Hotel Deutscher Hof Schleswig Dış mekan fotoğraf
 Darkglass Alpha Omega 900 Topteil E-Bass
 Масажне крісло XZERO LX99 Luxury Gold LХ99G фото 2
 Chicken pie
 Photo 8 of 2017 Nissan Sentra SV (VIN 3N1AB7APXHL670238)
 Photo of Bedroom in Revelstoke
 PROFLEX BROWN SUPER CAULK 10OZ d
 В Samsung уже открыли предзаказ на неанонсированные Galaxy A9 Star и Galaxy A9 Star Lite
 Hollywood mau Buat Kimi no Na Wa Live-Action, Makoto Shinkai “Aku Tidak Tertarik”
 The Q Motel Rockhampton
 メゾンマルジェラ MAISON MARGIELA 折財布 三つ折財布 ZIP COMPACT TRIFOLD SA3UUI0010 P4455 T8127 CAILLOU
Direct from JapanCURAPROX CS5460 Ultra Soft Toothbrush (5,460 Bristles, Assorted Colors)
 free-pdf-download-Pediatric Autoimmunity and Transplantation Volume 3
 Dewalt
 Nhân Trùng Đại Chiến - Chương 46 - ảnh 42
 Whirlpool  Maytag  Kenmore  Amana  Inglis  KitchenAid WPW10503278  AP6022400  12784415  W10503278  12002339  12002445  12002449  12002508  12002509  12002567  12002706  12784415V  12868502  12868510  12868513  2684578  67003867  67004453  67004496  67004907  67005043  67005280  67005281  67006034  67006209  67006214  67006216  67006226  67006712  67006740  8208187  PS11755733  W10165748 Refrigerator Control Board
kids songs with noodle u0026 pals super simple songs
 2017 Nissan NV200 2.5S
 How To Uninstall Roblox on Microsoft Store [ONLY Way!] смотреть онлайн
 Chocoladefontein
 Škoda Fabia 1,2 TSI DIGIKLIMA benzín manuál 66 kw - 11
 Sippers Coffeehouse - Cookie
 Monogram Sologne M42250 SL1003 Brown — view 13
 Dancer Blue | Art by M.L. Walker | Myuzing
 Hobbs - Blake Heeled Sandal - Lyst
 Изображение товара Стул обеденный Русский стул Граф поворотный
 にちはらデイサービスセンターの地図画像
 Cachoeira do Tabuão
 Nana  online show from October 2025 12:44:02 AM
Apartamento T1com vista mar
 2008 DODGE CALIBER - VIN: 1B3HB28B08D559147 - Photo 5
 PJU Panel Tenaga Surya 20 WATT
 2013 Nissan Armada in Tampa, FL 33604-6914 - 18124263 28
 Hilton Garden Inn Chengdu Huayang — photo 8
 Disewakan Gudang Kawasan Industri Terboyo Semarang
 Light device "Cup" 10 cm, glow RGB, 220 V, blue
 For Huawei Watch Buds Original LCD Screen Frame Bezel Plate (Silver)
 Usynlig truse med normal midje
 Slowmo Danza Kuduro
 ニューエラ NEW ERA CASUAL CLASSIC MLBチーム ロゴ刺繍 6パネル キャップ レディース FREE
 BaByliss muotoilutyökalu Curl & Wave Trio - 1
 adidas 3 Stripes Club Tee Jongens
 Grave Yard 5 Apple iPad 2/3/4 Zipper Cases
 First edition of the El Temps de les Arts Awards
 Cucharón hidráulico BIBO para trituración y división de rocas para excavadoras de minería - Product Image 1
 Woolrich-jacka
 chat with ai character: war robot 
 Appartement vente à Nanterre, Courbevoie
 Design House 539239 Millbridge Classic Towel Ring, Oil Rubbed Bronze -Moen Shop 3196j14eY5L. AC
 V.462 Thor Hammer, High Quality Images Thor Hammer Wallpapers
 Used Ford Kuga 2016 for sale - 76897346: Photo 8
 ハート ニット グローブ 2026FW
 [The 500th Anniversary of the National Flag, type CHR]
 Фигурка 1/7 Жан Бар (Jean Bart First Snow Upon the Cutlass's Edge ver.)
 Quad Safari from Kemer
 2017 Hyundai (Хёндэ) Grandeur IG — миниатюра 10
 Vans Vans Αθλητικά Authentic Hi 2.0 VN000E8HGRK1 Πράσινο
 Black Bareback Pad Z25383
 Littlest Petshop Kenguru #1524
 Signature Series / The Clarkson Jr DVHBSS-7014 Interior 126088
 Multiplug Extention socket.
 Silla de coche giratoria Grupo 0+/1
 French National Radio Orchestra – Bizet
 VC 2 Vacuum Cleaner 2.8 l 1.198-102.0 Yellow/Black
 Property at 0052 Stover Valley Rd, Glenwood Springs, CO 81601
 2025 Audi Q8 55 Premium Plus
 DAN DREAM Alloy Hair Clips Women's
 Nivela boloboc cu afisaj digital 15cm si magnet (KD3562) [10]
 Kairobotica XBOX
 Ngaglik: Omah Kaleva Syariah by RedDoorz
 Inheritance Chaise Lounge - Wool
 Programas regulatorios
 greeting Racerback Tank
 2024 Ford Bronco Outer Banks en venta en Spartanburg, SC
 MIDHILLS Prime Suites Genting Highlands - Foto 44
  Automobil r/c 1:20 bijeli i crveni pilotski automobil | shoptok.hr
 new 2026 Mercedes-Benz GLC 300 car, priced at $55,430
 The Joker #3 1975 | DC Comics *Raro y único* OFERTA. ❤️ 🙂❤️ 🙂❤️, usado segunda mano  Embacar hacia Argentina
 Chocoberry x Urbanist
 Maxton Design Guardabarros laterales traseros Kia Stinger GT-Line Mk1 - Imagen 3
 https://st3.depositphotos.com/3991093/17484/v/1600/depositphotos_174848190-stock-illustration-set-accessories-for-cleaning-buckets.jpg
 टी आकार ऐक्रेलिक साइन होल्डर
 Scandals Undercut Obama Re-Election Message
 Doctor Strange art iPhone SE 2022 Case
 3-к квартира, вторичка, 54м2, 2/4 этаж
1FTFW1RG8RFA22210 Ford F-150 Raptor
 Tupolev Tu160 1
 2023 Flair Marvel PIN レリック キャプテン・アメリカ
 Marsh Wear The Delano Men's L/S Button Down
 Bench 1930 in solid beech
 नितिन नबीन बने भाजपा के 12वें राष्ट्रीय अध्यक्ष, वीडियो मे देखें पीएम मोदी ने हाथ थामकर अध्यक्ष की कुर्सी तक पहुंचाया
════
| AIM OF THE EXERCISE |
Select every line of the material above holding the word "Black" and copy it.

| SOLVED EXERCISE |
 Black Bareback Pad Z25383
 VC 2 Vacuum Cleaner 2.8 l 1.198-102.0 Yellow/Black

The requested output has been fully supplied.